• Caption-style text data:
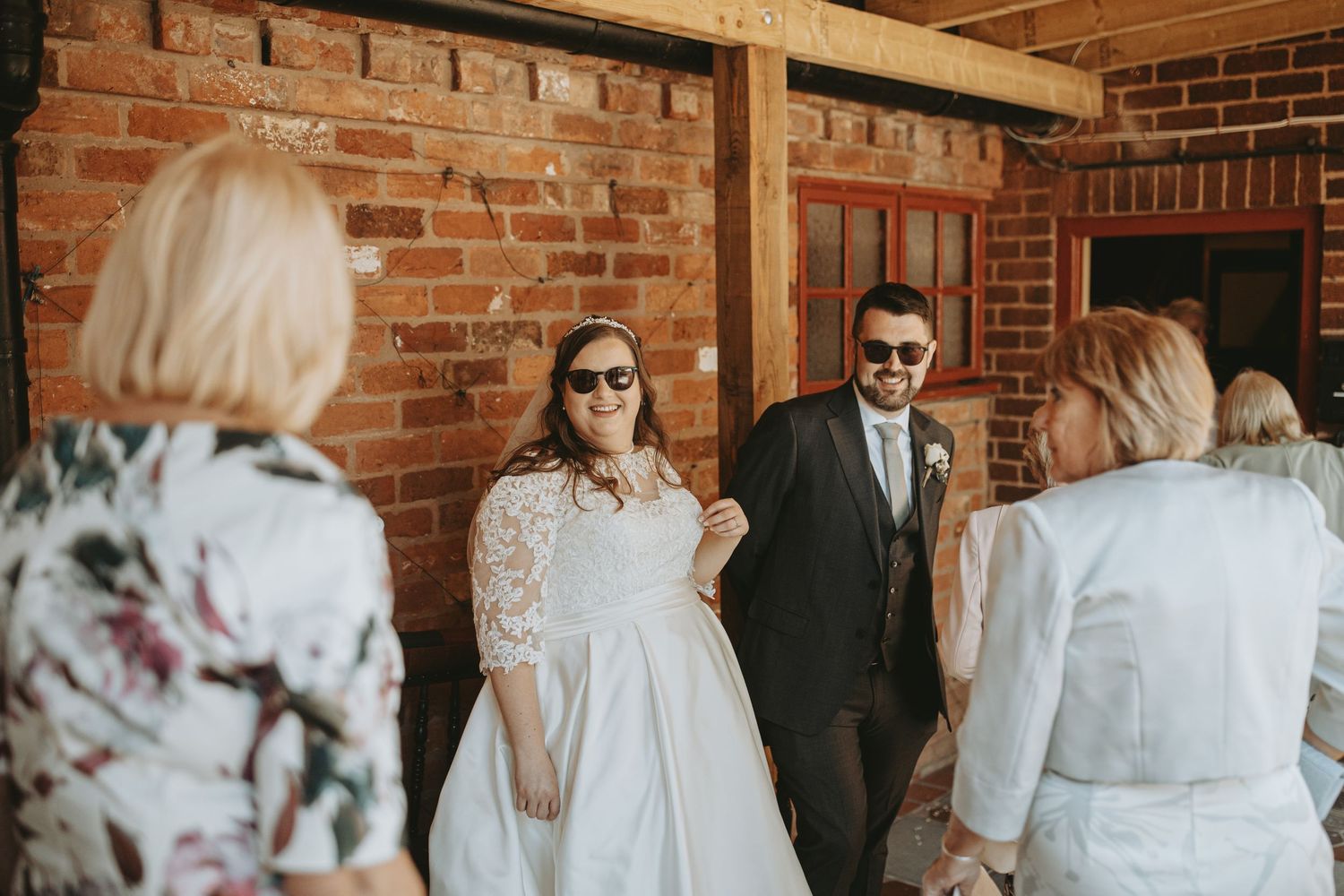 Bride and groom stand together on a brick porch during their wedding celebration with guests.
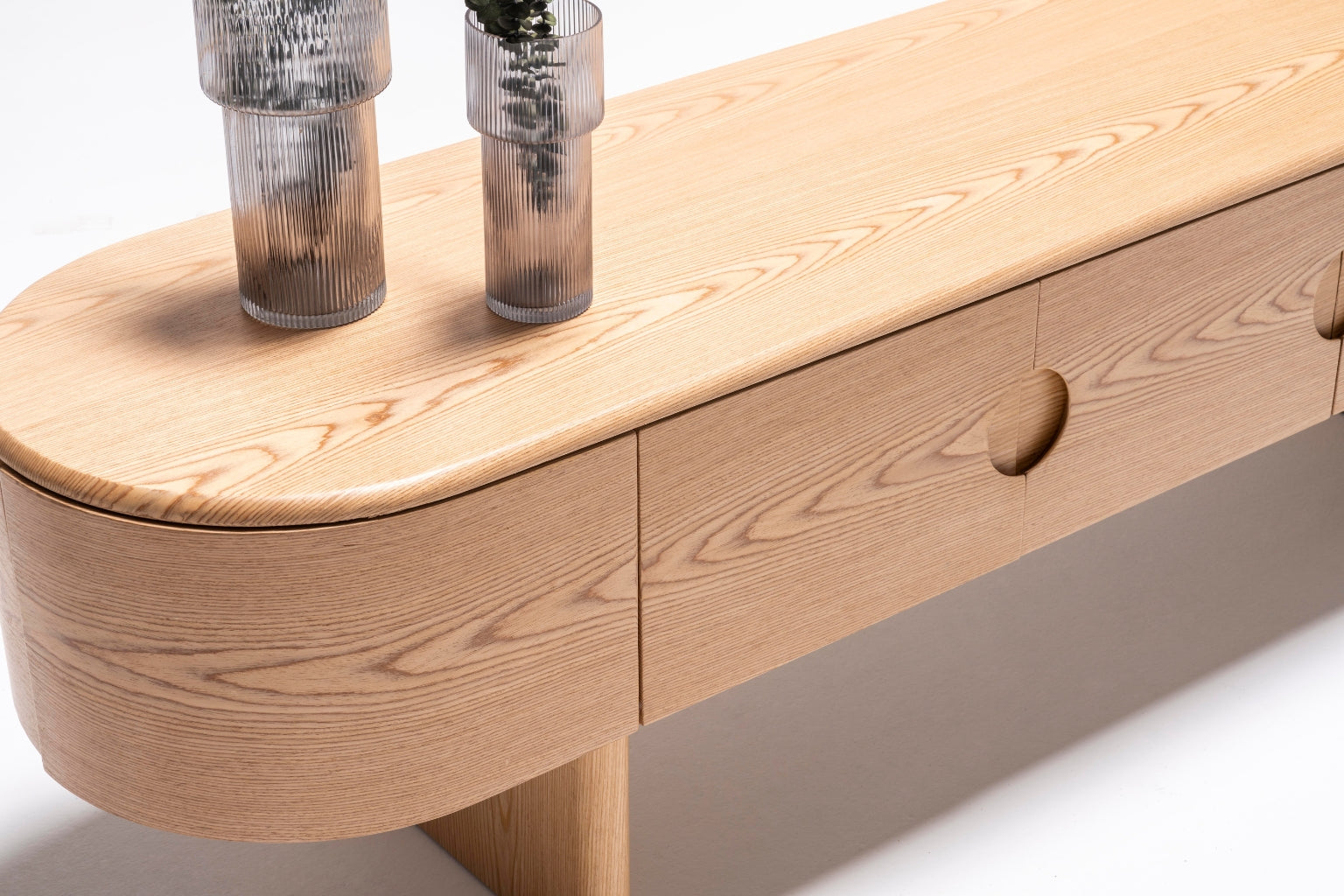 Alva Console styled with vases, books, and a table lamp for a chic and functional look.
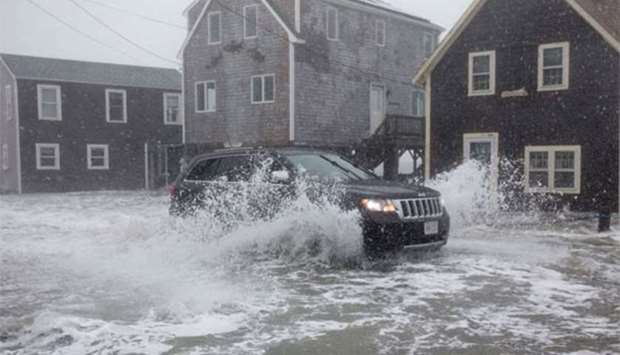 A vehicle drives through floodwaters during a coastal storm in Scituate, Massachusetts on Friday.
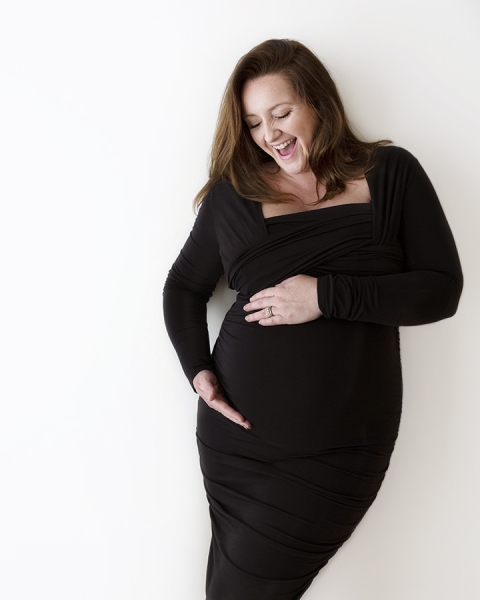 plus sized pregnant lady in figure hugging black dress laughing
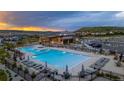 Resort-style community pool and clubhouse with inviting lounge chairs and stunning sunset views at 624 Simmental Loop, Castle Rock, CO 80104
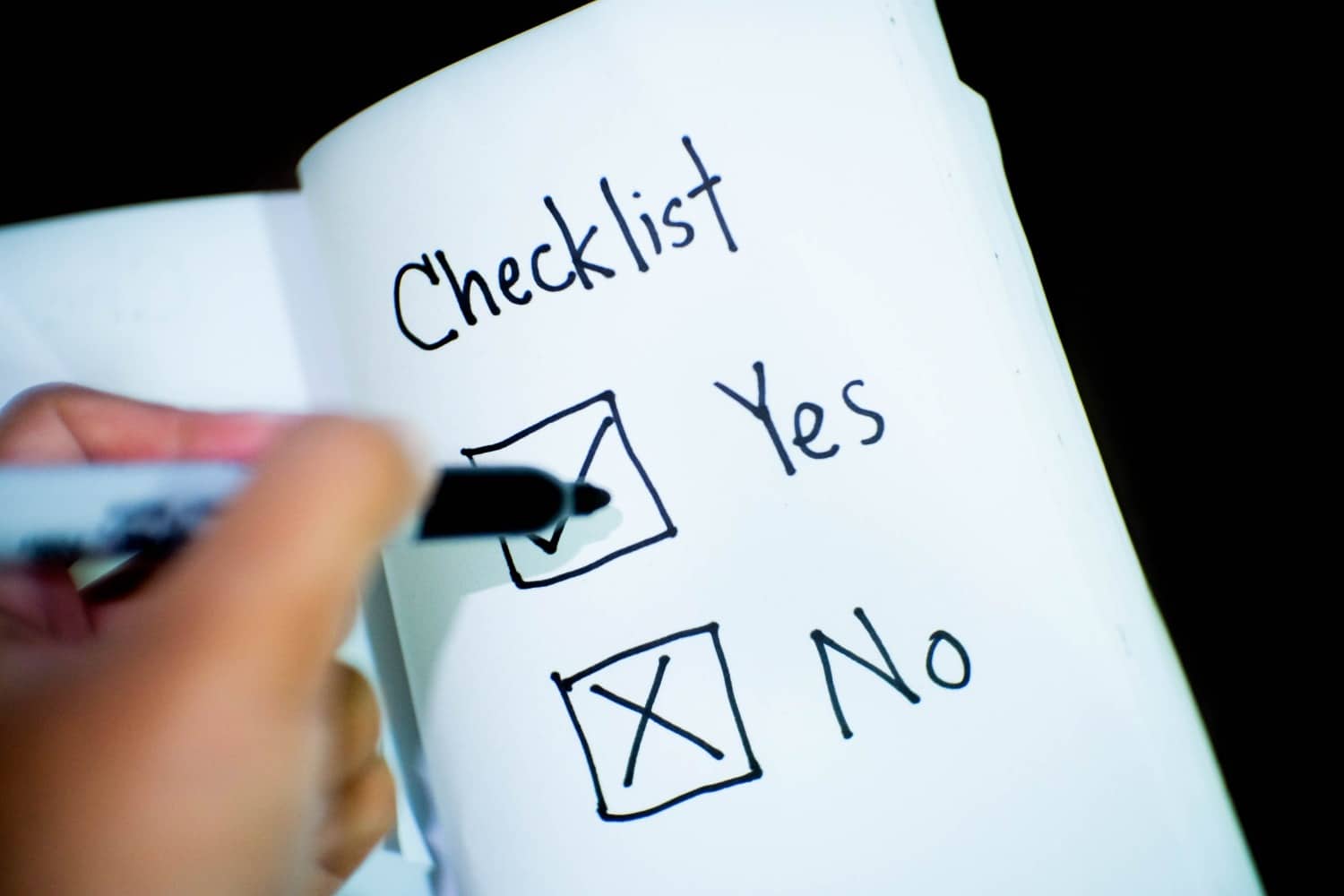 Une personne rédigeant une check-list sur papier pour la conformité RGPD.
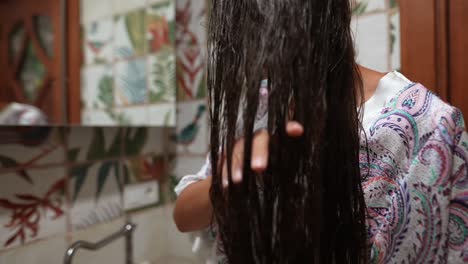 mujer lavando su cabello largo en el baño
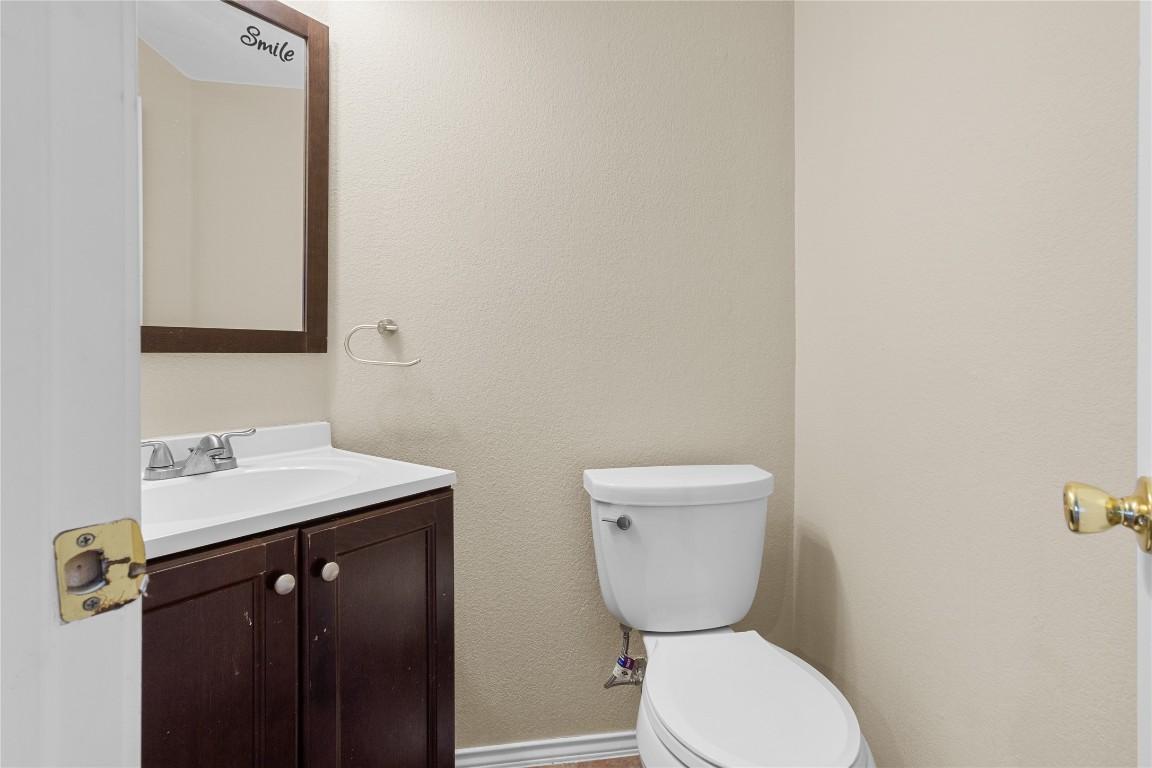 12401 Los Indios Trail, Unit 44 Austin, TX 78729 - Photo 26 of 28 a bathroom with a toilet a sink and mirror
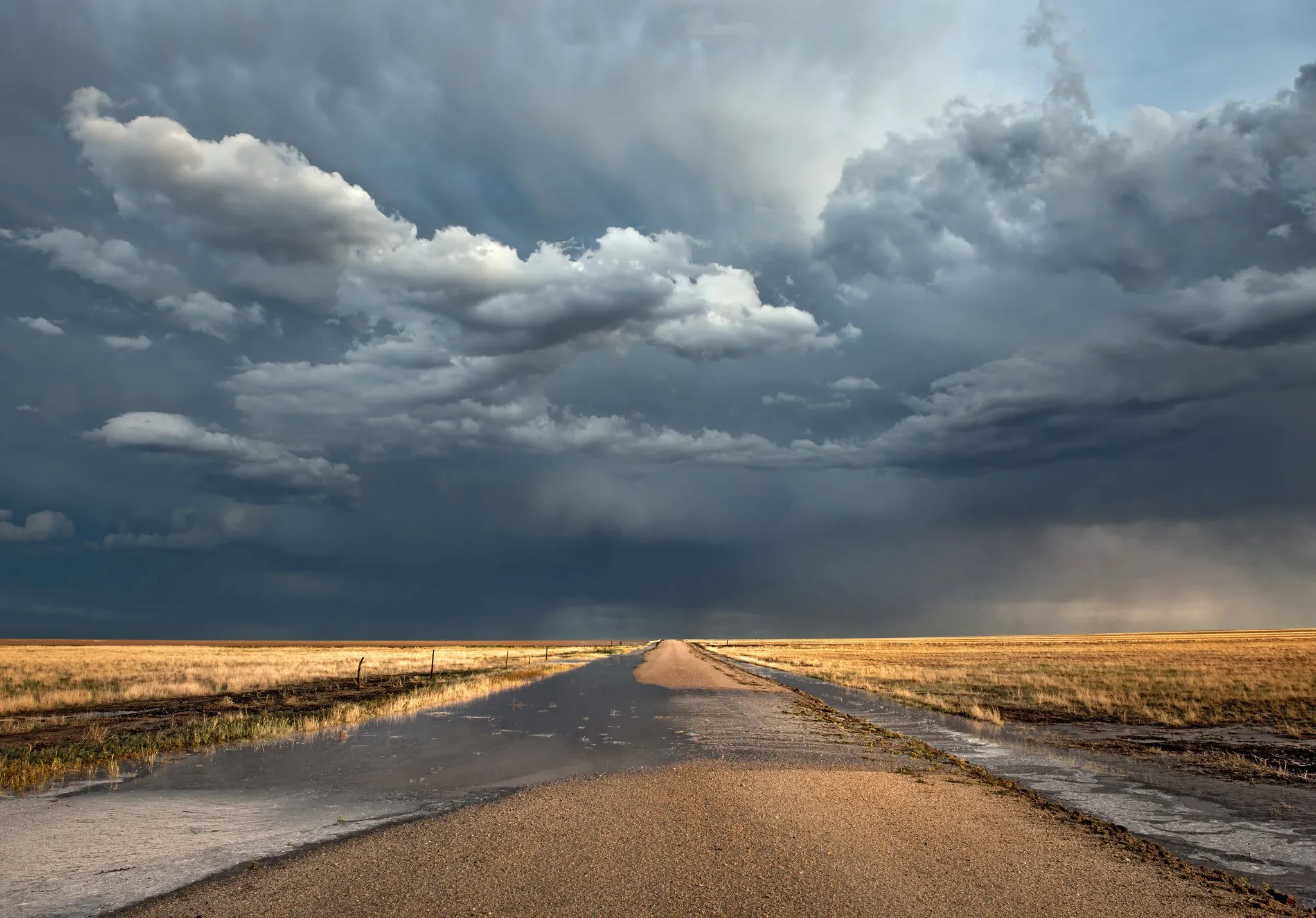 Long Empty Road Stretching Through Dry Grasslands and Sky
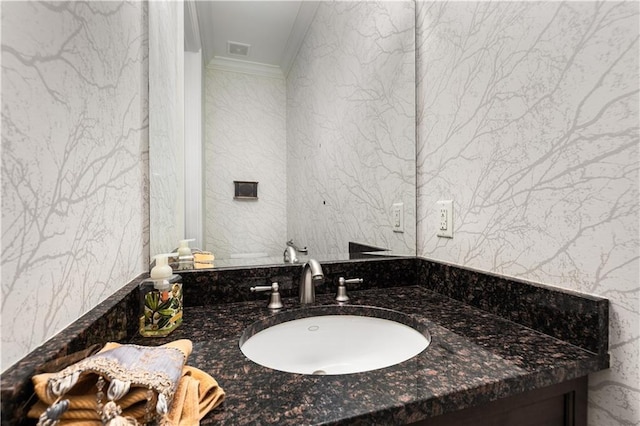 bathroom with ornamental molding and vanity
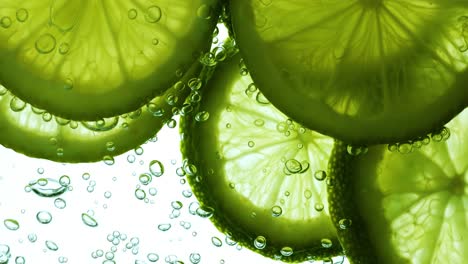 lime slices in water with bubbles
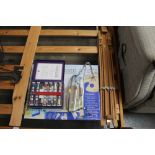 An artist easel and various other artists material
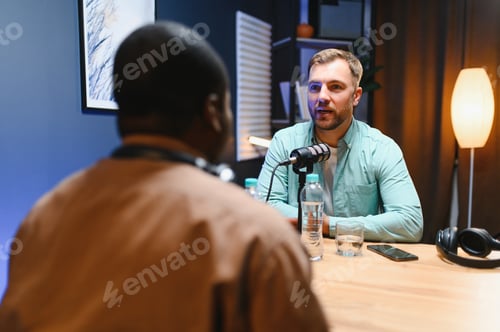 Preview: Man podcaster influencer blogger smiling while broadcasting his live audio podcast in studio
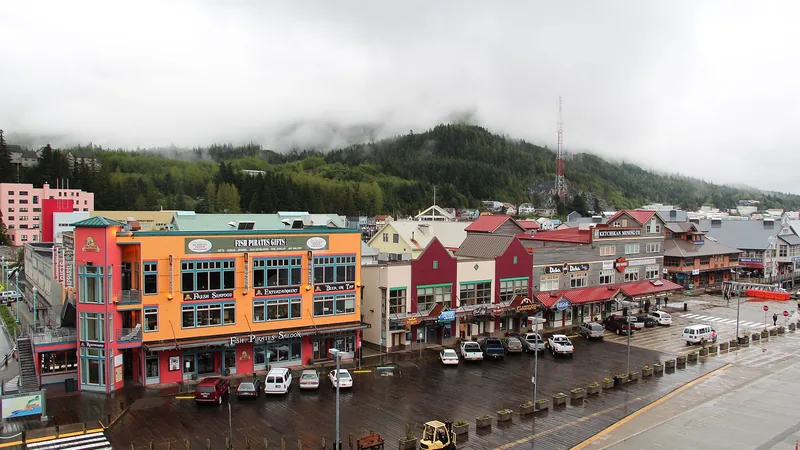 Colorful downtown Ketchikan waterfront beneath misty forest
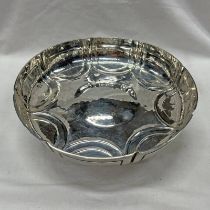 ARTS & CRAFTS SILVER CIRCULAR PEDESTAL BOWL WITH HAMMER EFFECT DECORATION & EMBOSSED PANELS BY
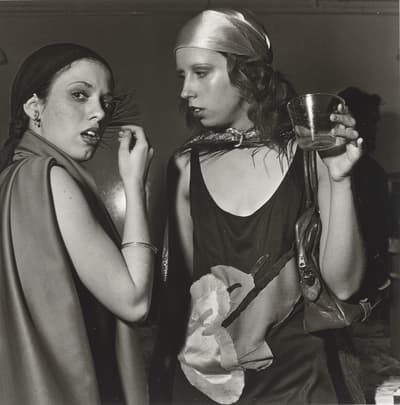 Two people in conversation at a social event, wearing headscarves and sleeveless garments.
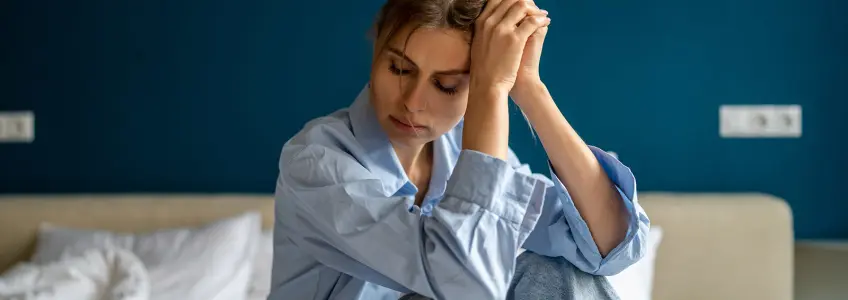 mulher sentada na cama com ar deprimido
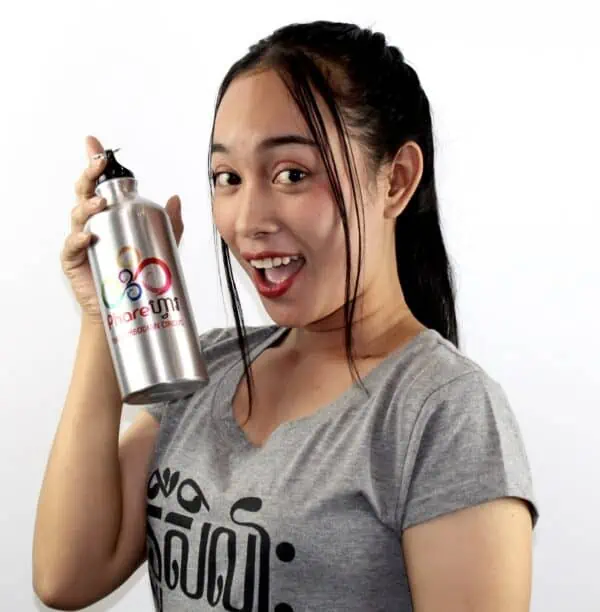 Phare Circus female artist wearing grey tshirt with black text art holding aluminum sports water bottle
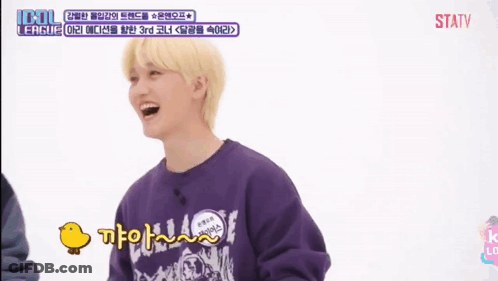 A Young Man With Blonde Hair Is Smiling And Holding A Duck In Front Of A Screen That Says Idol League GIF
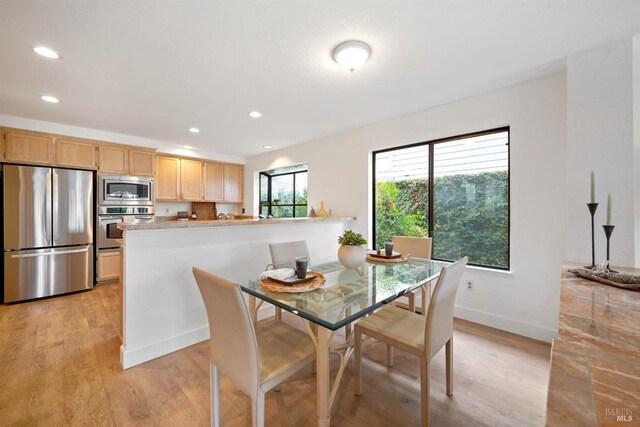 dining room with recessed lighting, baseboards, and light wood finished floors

• EXERCISE BRIEF: Stop after the line containing "mulher sentada na cama com ar deprimido": copy the records exactly from the first line up to there, leaving pictures out.

• PROBLEM SOLUTION:
 Bride and groom stand together on a brick porch during their wedding celebration with guests.
 Alva Console styled with vases, books, and a table lamp for a chic and functional look.
 A vehicle drives through floodwaters during a coastal storm in Scituate, Massachusetts on Friday.
 plus sized pregnant lady in figure hugging black dress laughing
 Resort-style community pool and clubhouse with inviting lounge chairs and stunning sunset views at 624 Simmental Loop, Castle Rock, CO 80104
 Une personne rédigeant une check-list sur papier pour la conformité RGPD.
 mujer lavando su cabello largo en el baño
 12401 Los Indios Trail, Unit 44 Austin, TX 78729 - Photo 26 of 28 a bathroom with a toilet a sink and mirror
 Long Empty Road Stretching Through Dry Grasslands and Sky
 bathroom with ornamental molding and vanity
 lime slices in water with bubbles
 An artist easel and various other artists material
 Preview: Man podcaster influencer blogger smiling while broadcasting his live audio podcast in studio
 Colorful downtown Ketchikan waterfront beneath misty forest
 ARTS & CRAFTS SILVER CIRCULAR PEDESTAL BOWL WITH HAMMER EFFECT DECORATION & EMBOSSED PANELS BY
 Two people in conversation at a social event, wearing headscarves and sleeveless garments.
 mulher sentada na cama com ar deprimido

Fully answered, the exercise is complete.